Vice President Harris is co-leading with Ambassador Thomas-Greenfield a talented U.S. delegation to the CSW, composed of both government officials and civil society leaders. The delegation will meet over the next two weeks to advance an agenda dating back to the creation of the CSW in 1946 to promote “women’s rights in political, economic, social, and educational fields.” As Vice President Harris noted, “that work is as urgent now as it was at the start.” The theme that frames the CSW debate this year is: “Women’s full and effective participation and decision-making in public life, as well as the elimination of violence, for achieving gender equality and the empowerment of all women and girls.” 

The symbolism of our first female vice president addressing this year’s topic was not lost on anyone. Nor is the fact that, for the first time ever, our CSW delegation is represented at the White House level and led by two women of color.
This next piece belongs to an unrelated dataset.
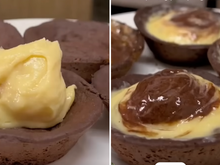 Tortinha de chocolate fit: sobremesa deliciosa e baixa em calorias para matar a vontade de doce sem sair da dieta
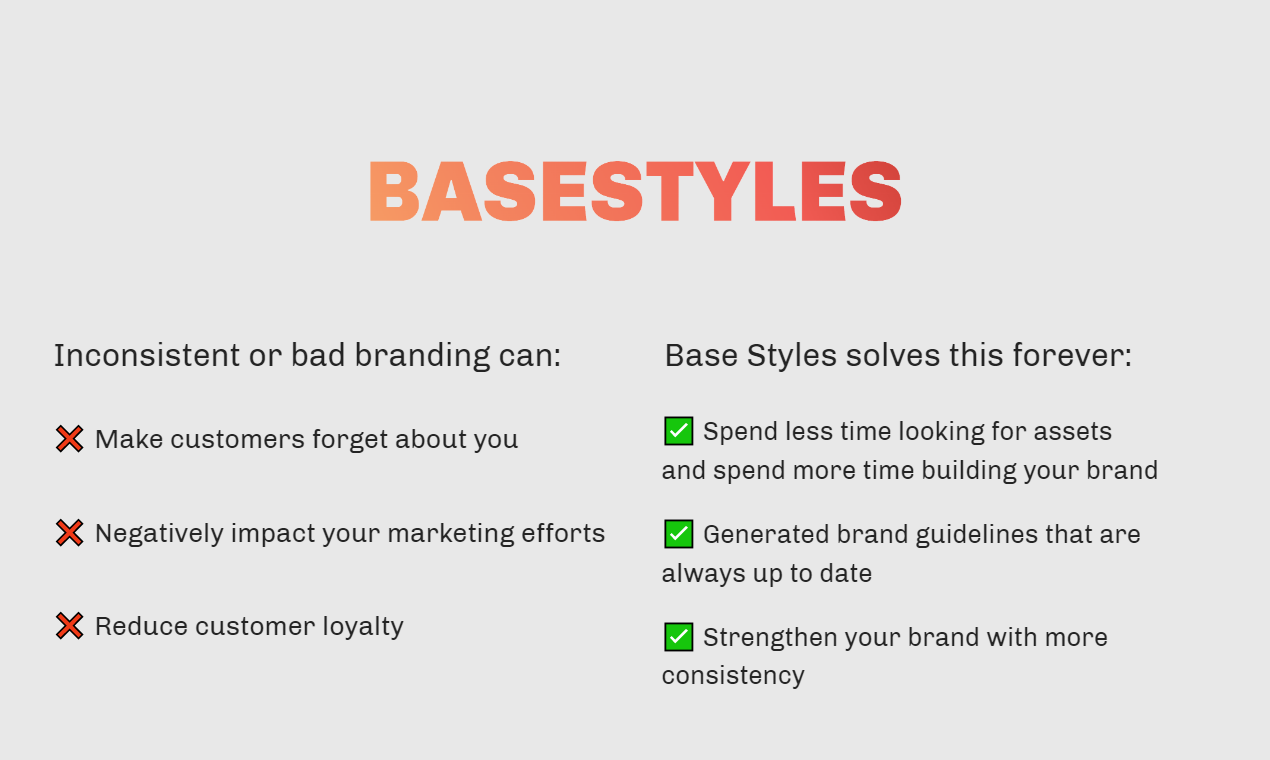 Base Styles gallery image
Indeed, the Vice President’s remarks, coupled by the decision by the Biden-Harris Administration to engage the CSW at the level of the Vice President, sends at least three important messages. 

First, the diversity of the U.S. delegation speaks not only to the Biden-Harris Administration’s commitment to diversity, but to the crucial importance the Administration places on an intersectional approach to gender equality. This means recognizing that gender equality is undermined not just by gender-based discrimination and stereotypes but also by overlapping forms of discrimination based on race, ethnicity, sexual orientation, gender identity and other unique identities that should be celebrated but too often lead to multiple cross-cutting forms of discrimination and abuse.

The diverse public delegation representing the United States also includes, for the first time, a non-binary transgender woman: Lourdes Ashley Hunter, Executive Director and Global Initiatives Officer of Trans Women of Color Collective. “Now more than ever, it is critical that the voices and narratives of transgender women must be included in dialogs at every level as we face the same forms of violence at the hands of the state,” Lourdes Ashley Hunter declared, adding, “this historic appointment reinforces that trans women are women and our lives matter.”  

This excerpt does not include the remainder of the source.